God of love and grace, I am filled with awe at Tom and Ed and Peggy. I am grateful that you have allowed me to share a small part of this journey with them. I pray that you continue to open them to your presence in their living and do not cease opening me to your presence in their living. Amen


Tuesday, May 25, 2010

Prayer for Shavout and Pentecost: God's Spirit Overcomes

Psalm 119:30 – 32


דֶּרֶךְ-אֱמוּנָה בָחָרְתִּי; מִשְׁפָּטֶיךָ שִׁוִּיתִי.
דָּבַקְתִּי בְעֵדְו‍ֹתֶיךָ; יְהוָה, אַל-תְּבִישֵׁנִי.

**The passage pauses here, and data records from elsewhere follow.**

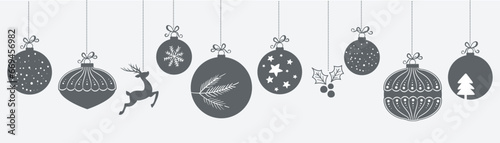 Christmas bauble decoration with snowflakes stars and gift vector illustration, ice blue elements photo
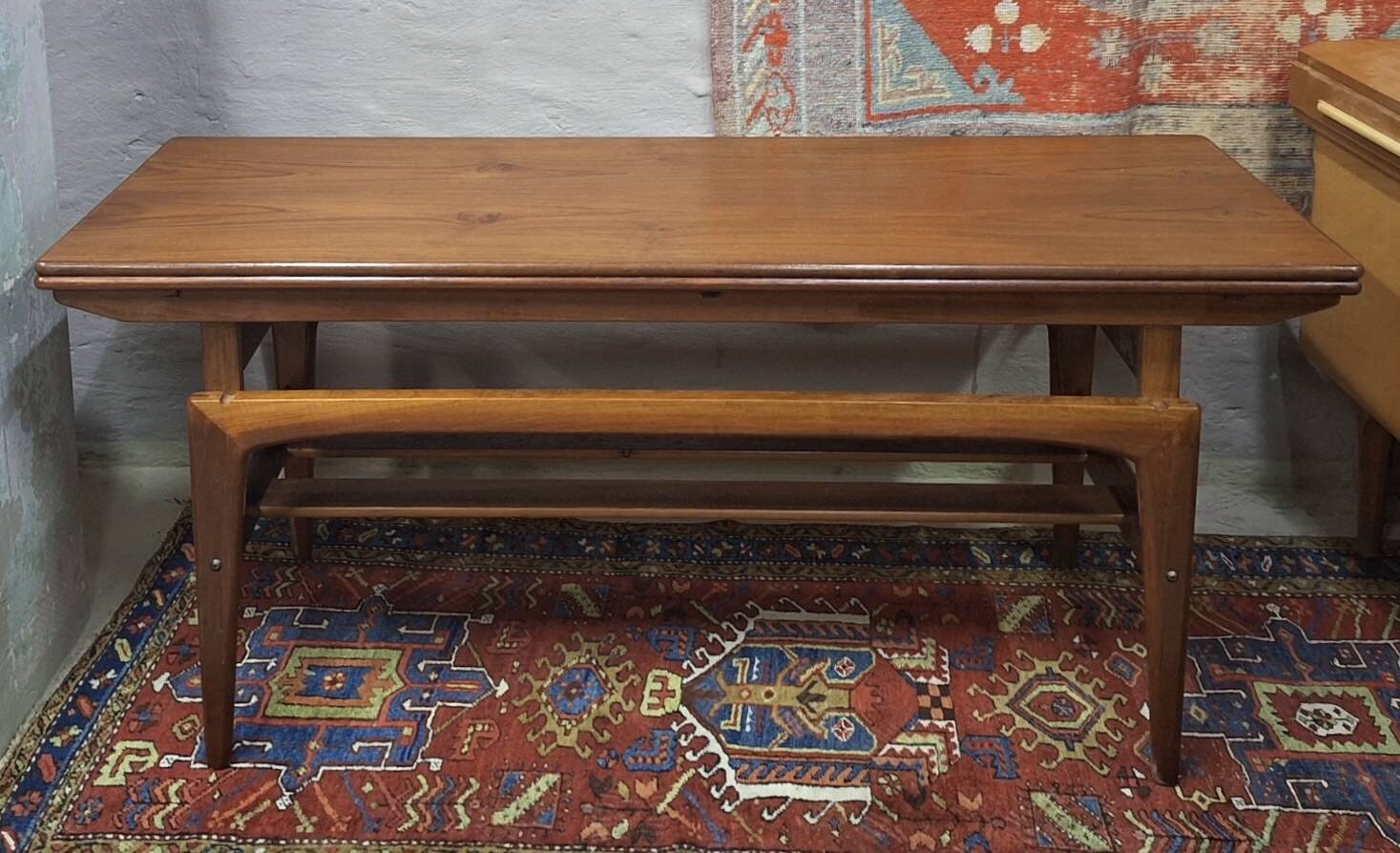 Metamorphic dining / coffee table in teak by Kai Kristiansen, Denmark 1960s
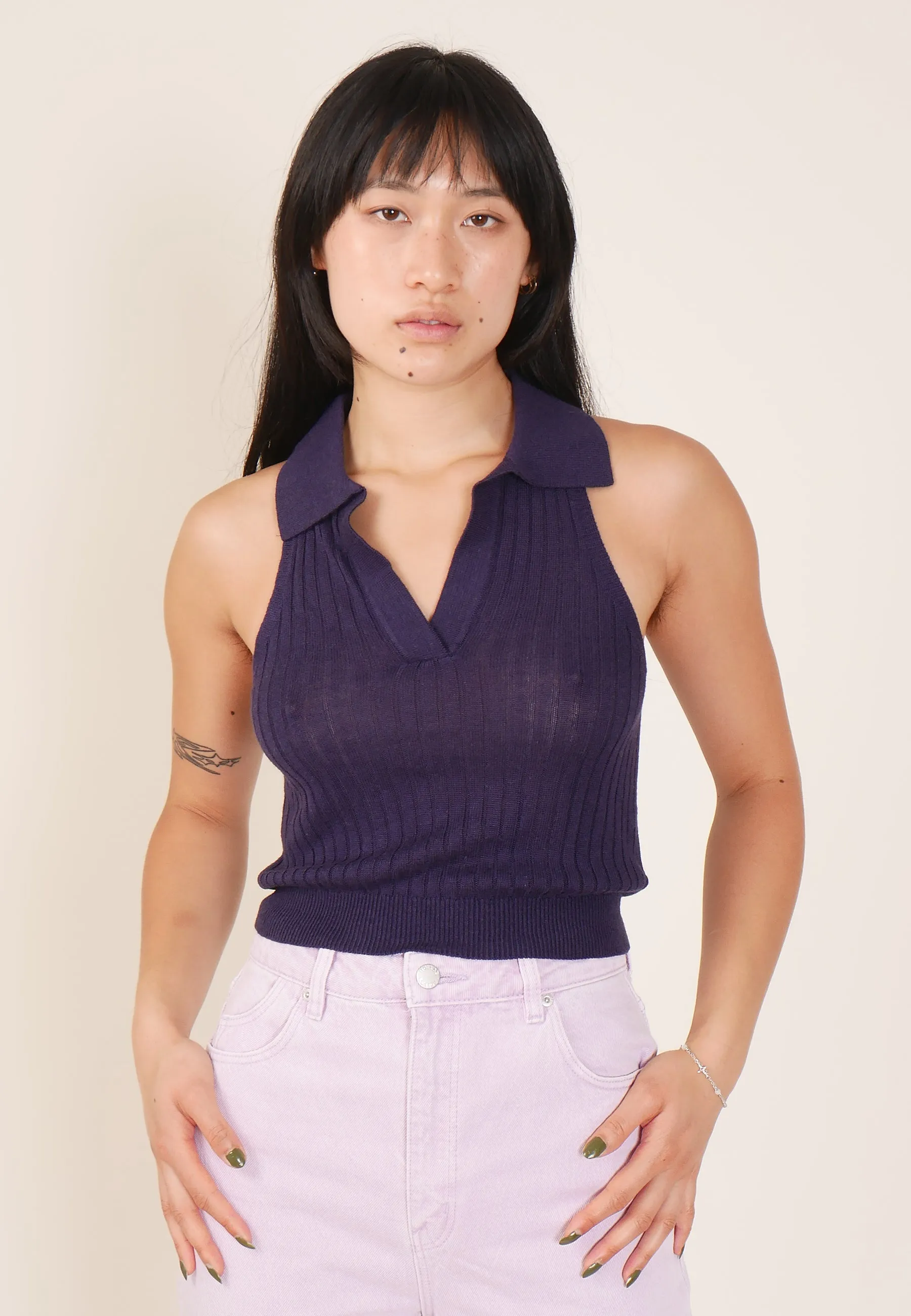 Amanda Knit Tank - blue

דֶּרֶךְ-מִצְו‍ֹתֶיךָ אָרוּץ: כִּי תַרְחִיב לִבִּי.




Ich habe den Weg der Wahrheit erwählt; deine Rechte habe ich vor mich gestellt.



Ich hange an deinen Zeugnissen; HERR, laß mich nicht zu Schanden werden!


Wenn du mein Herz tröstest, so laufe ich den Weg deiner Gebote. Luther Bible 1545



I have chosen the way of truth;
I have set my heart on your laws.


I hold fast to your statutes, O LORD;
do not let me be put to shame.


I run in the path of your commands,
for you have set my heart free.


Friend Eric recently returned from a trip to visit family in Germany and brought back small inspirational cards featuring the above Psalm quote in German. His gift came just as Christian friends celebrated Pentecost and Jewish friends were moving away from the festival of Shavuot. Both celebrations remind persons of faith of the truth of God in their hearts and in their lives. Each recalls the power of God to at once breakdown the human barriers which too often unnecessarily separate us from ourselves, one another and God; all the while offering us gentle guidance along the path which leads us closer to truth and freedom which God intends for us—the living of authentic lives of devotion, compassion and care.


Let our prayerful hearts come this week confident in the power of God to help them overcome the differences which divide; may they come confident that especially when they cannot comprehend, the truth of the Lord will hold them fast. May they find guidance there along the path and by such grace the freedom to allow the power of God’s truth to guide in the leading of authentic lives of devotion, compassion and care. Amen.